The debate surrounding the NHS superbug crisis infecting Gordon Brown’s young premiership has too become riddled with a virus of party political manoeuvrings. All the while the root issue remains unchecked.
This weeks report by the government’s health watchdog revealed that scores of NHS patients have been killed by Britain’s deadliest superbug, c-difficile. This, alongside the continued spread of MRSA has prompted Alistair Darling to announce a £270million investment to combat hospital-acquired infections.
Despite Gordon Brown championing his ‘deep clean’ of NHS hospitals, the actual issue of cleaners remains entirely anonymous. Instead the rumblings over Labour targets, and Tory under investment continue.
Cleanliness is a vital factor in tackling hospital superbugs and is an essential component of good nursing. As the Daily Mail was in pains to note “In her seminal Notes On Nursing, published in 1860, Florence Nightingale wrote that the greater part of nursing consists in preserving cleanliness”. Sadly, thanks to a Thatcher introduced privatisation policy, continued under Labour, nurses play little role in cleaning hospitals anymore, and hospital managers have no direct control over what is cleaned and when in NHS hospitals.
The NHS was once the bastion of Labour values and yet they have allowed the policy of outsourced firms running hospital cleanliness to remain. The rationale was that private companies could provide a more cost effective way of ensuring clean hospitals. Yet studies show that whilst private companies can indeed save costs – by hammering down on wages, they retain the mark-up and walk away with the profits. As a result, workers who are the lowest paid, often unregistered and with little English manage an essential part of patient safety. The average wage of a contracted cleaner hovers around £4.20/hour. This grossly represents the disregard with which both the main political parties have for such a fundamental part of patient care.
Whilst some bemoaned ‘modern-day feminism’ as the cause of nurses indifference to ensuring cleanliness, and the Conservative’s harped on about Labour’s top-down, centralised targets, critics and the government have failed to touch upon the loss of control and accountability that the outsourced cleaner system entails. Compared to the early 1980s there are now less then half the number cleaners, who are lower paid and contracted to a external third-party, have no relationship with nurses and hospital staff. It is an absurd situation where if a hospital manager finds a dirty ward, she cannot call upon a cleaner to sort it out, she would have to contact an entirely separate management system.
The dominant parties have failed to recognise this inadequacy and much of the media debate has been poisoned with the same impotence.
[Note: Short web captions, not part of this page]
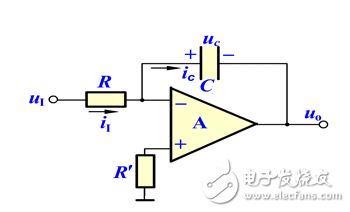 What is the requirement of the integral operation circuit for the period of the input square wave?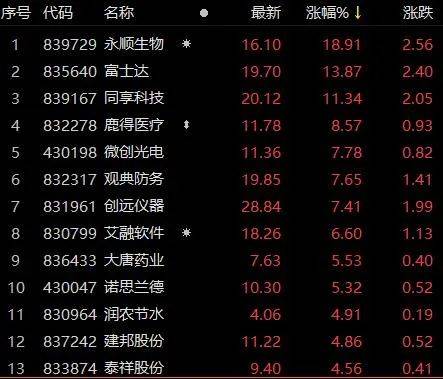 今日简报（8886611免费网站域名查询以及刘伯温免费预测）刚果交锋蒙古单场赛事比分-首发资讯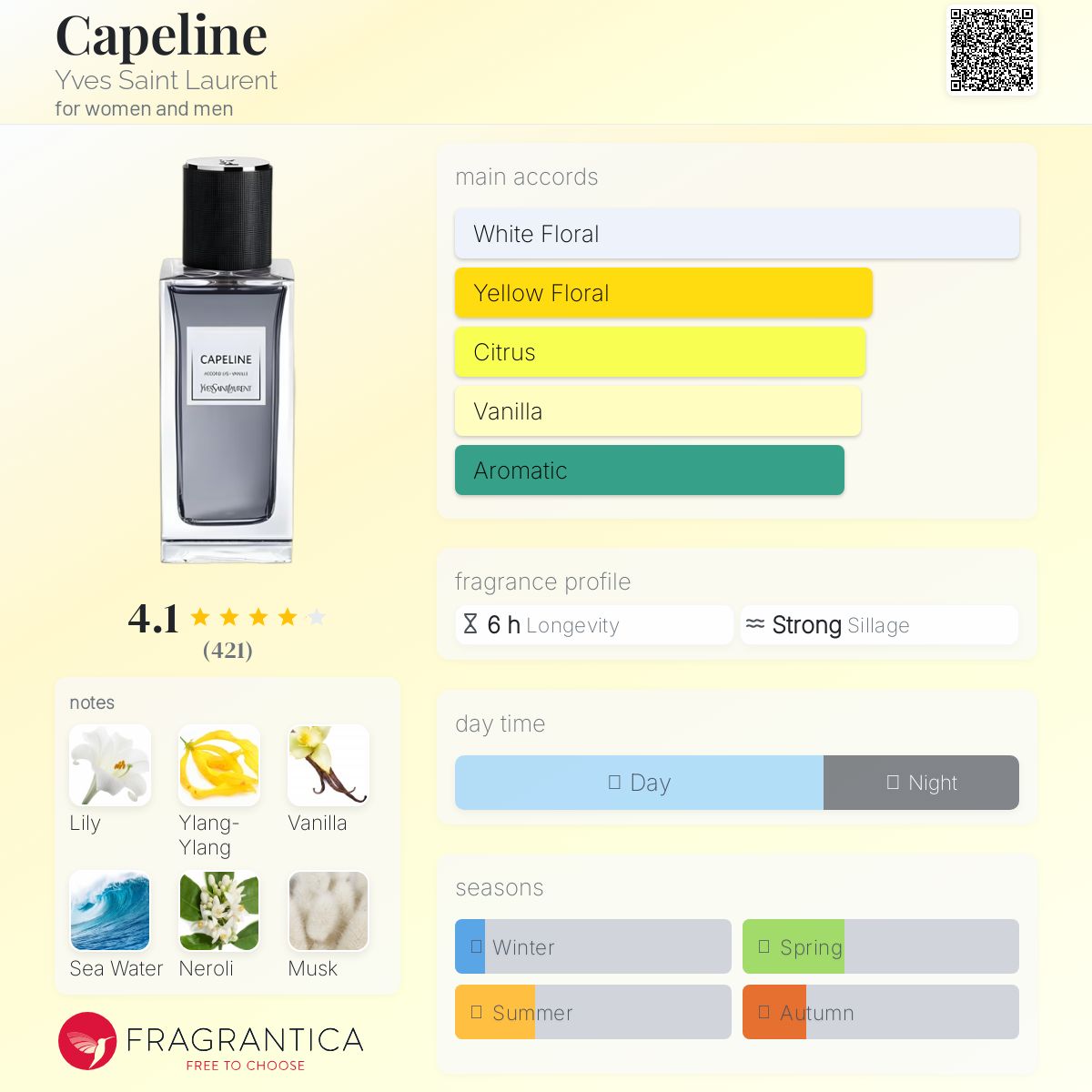 عطر ادکلن کاپلاین ایو سن لورن - Capeline Yves Saint Laurent - بررسی، قیمت و خرید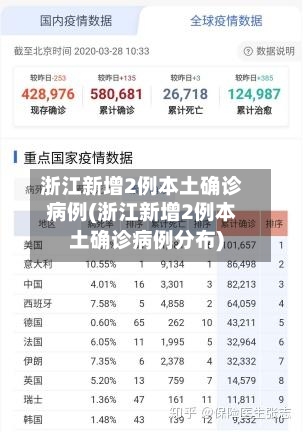 浙江新增2例本土确诊病例(浙江新增2例本土确诊病例分布)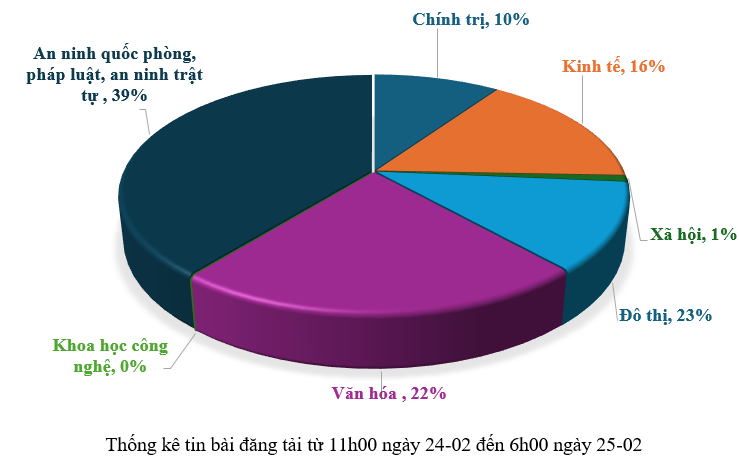 Thông tin báo chí sáng 25-02-2026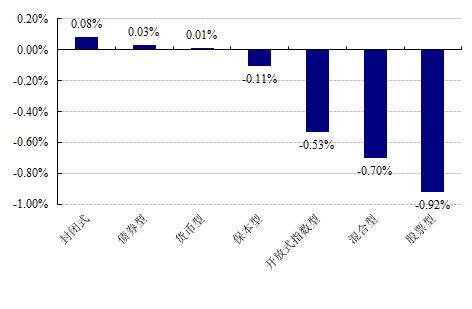 [�����ձ�]30��Ͷ�ʽ�����������Ƿ���ǰ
It is not just our hospitals that require a deep clean but our media analysis, which needs to root out the dirt of dogmatic ideology that prevents reasoned debate.
The great thing about the party conference season and possibly the only source of interest is that you get a feel for a party’s true colours. The MPs pile out the same old media-inspired drivel you get all year but the party members, with their unkept beards and ill-fitting sweaters have little time for image, they instead betray the true essence of the party and its supporters.
The Tory hearts today poured out over the state of Britain’s public services and from all corners of (middle) England there were outcries over our shocking ’socialist’, ‘centralist’ and ‘Stalinist’ government. This would have sent economic students wild, scurrying around and dusting down their Keynesian textbooks. They would all have been thoroughly perplexed, because despite the cries of the opposition members and the calls from government itself, Britain’s public services are barley within touching distance of the state any more.
The NHS, the sentimental and ideological heart of the social-democratic movement, has had billions of taxpayers’ pounds thrown at it. Yet little of this money has been directed at strengthening public healthcare. Instead subcontractors, PFI schemes and private firms have seized upon and weakened the public’s grip on its health service. Under the guise of the Public Finance Initiative, private companies use taxpayers money to build, run and manage many NHS projects. This flagship, ‘modernising’ policy of New Labour was meant to introduce market style competition into health care. The debates about any supposed benefits of competition are completely misplaced here because private subcontractors are given fixed, lengthy deals lasting up to thirty years.
Rather then fret, the Tory heartland could have eased their ailments about a socialist state by hearing that New Labour plans a £64bln sell off of NHS management to multinational firms. In the name of ‘competitiveness’ New Labour worked with massive US healthcare corporations such as Kaiser Permanente and began the process of restructuring the NHS along privatised, American lines. Their market ’solutions’ include paying private firms vast sums of money to run Human Resource departments for the NHS. Whilst you’d have thought that the key human resource – patient care would get investment priority, downsizing and cutbacks will instead see PFI firms collect a handsome £23bln profit over the next thirty years.
This new brand of socialism would make Thatcher proud, not even she had the gall to sell off the NHS and now New Labour is doing it for her. Perhaps the Daily Mail may boast ‘we’re all Socialists now.’